(Este es el tercer relato de mi primer libro: Relatos improbables de la ciudad antropomorfa publicado en 2011. El relato es de 2006)
Se produjo una vez el hecho de que un niño de unos siete
años, que aunque era todo lo responsable, e incluso más, de lo que se puede esperar
de un niño de siete años; decidió no comerse el bocadillo de mortadela con
aceitunas que su abuela materna, la señora María Asunción de la Paz Gómez, le había
preparado para merendar aquella tarde. Era sabido por sus padres que a veces
decidiera infringir conscientemente alguna norma que su entendimiento
consideraba arbitraria. Lo pensaban rebelde, como su difunto abuelo.
Era a finales del mes de julio, que se despedía con unos
días tremendamente calurosos, tanto como que hacía cuarenta años que no se
recordaban, según afirmaba la prensa local, temperaturas tan altas en ese mes. De
todas formas no hay que olvidar que en ocasiones la prensa local peca de cierta
exageración cuando habla de los asuntos más cercanos y que sabe que no van a
tener trascendencia fuera de su ámbito de difusión.

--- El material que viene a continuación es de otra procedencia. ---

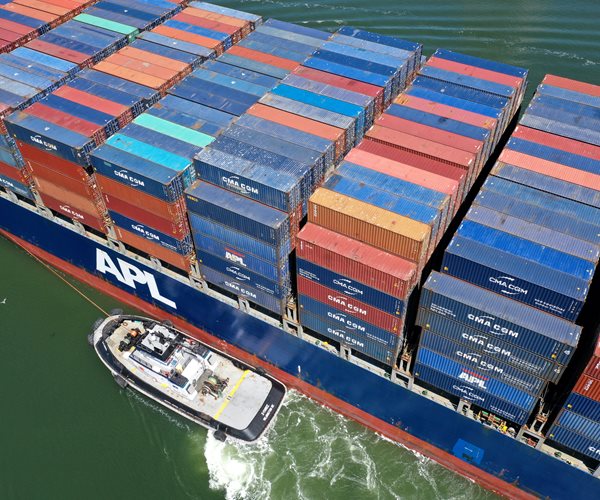 shipping containers are stacked in port of oakland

Estaban dando las seis y media en el reloj de la torre de la
iglesia del barrio de Las Patas, y el niño, cuyo nombre obviaremos, corrió por el
sendero que serpentea ladera abajo desde la plazoleta de la iglesia hacia el
río. Cuando llegó a la confluencia con el camino de la rambla, antes de llegar
al último puente, llevaba el bocadillo intacto en la mano. Ya antes de
recibirlo en la cocina de su abuela había decidido que esa mortadela con
aceitunas no le gustaba y que por tanto no la comería. No llegó a considerar la
opción de comunicar su desagrado hacia la merienda de aquella tarde, puesto que
conociendo el carácter de la señora de la Paz Gómez sabía que conseguiría una regañina, cosa
que no le importaba demasiado; además de la incómoda vigilancia de su abuela
durante todo el proceso de deglución. Estando junto a los arbustos, que en una
franja de veinte metros esconden el apenas metro y medio de ancho del río,
comprobó que no había nadie en las cercanías. Era consciente de que lo que iba
a hacer era considerado una fechoría en ciertos ámbitos, así que tomó sus
precauciones. A esa hora aún no había nadie haciendo deporte por los caminos
que intentan seguir el curso del río por el fondo del barranco, ni siquiera
nadie paseando al perro. Sólo se escuchaban los gritos de otros niños, allá
arriba en el puente colgante, que intentaban acertar aviones de papel sobre el
agua, pero estaban en la parte opuesta del tablero del puente y no podían
verlo. Así que lanzó el bocadillo hacia la maleza, por encima del carrizo, y
corrió resuelto por el camino rambla abajo, hacia el puente del Ferrocarril,
para practicar puntería con las palomas que anidan bajo sus vigas.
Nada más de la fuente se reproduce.